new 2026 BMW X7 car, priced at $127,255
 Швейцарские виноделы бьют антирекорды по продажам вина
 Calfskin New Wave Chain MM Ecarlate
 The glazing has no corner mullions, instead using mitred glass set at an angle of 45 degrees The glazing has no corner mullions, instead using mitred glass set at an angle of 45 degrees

__________________________________________________

Each line above must be output exactly as it stands.

_OUTPUT FOR THIS EXERCISE_.
new 2026 BMW X7 car, priced at $127,255
 Швейцарские виноделы бьют антирекорды по продажам вина
 Calfskin New Wave Chain MM Ecarlate
 The glazing has no corner mullions, instead using mitred glass set at an angle of 45 degrees The glazing has no corner mullions, instead using mitred glass set at an angle of 45 degrees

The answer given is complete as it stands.